By many metrics, Pedro Martinez was the best pitcher in Major League Baseball in 2002, let alone in the American League. And yet, it was Oakland Athletics ace Barry Zito who won the AL Cy Young Award that year.
According to Martinez, he missed out on winning the AL award for a third time with the Red Sox because he ceded his last start of the season to rookie teammate Josh Hancock. In a touching anecdote during his Hall of Fame induction speech Sunday, Martinez referenced a missed opportunity for his younger brother, Jesus, when describing his decision to allow Hancock to take his final turn in the rotation that year:
Well, that Cy Young I didn’t win because I chose to give an opportunity to a kid named Josh Hancock. And why do I bring it up? Because out of four brothers that we are, Ramon, Nelson, me and eventually Jesus, three of us made it to the big leagues. But Jesus is not in the record books because the organization he was playing for did not find the chance to give him one pitch in the big leagues so that he could be in the records.

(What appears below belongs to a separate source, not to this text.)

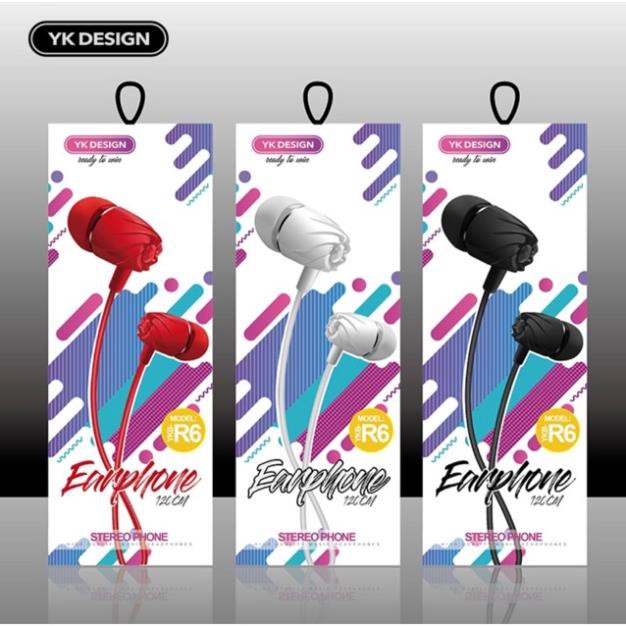 Tai nghe YK - R6. Earphone 120 cm Wired Music Headset.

That was the main reason why I decided not to take that outing, but to give it to Josh Hancock. I felt bad that my brother Jesus did not experience what it was like to pitch in that game that day.

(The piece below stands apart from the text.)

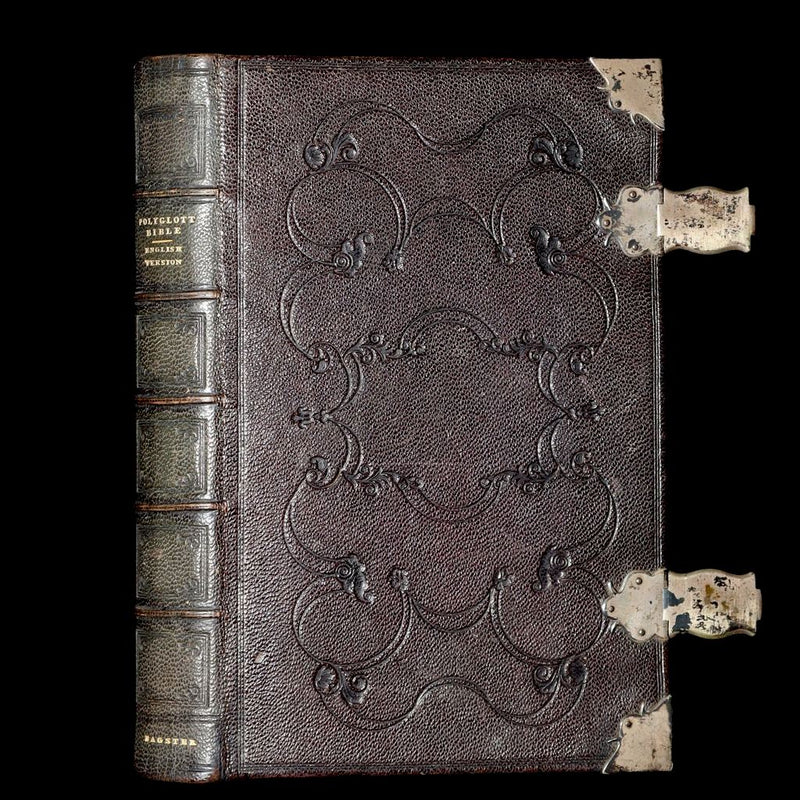 1850 Rare Book with clasps - The Polyglott Bible; Old and New Testaments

Martinez’s statistics in 2002 were undoubtedly impressive, but Zito’s dominant campaign (23-5, 2.75 ERA in 229 1/3 IP) earned the hardware after ballots were tabulated (114 points to 96). While Zito didn’t stack up to Martinez in WHIP (1.134 to Pedro’s .923) or strikeouts (182 to 239), he threw 30 more innings and was more valuable to his team, according to Baseball Reference’s WAR formula.
Before his first career start at the end of the 2002 season, Hancock had made two relief appearances for the Red Sox. After his rookie campaign in Boston, he would spend five seasons playing with the Phillies, Reds and Cardinals. He died in a car accident in 2007 while a member of the St. Louis organization.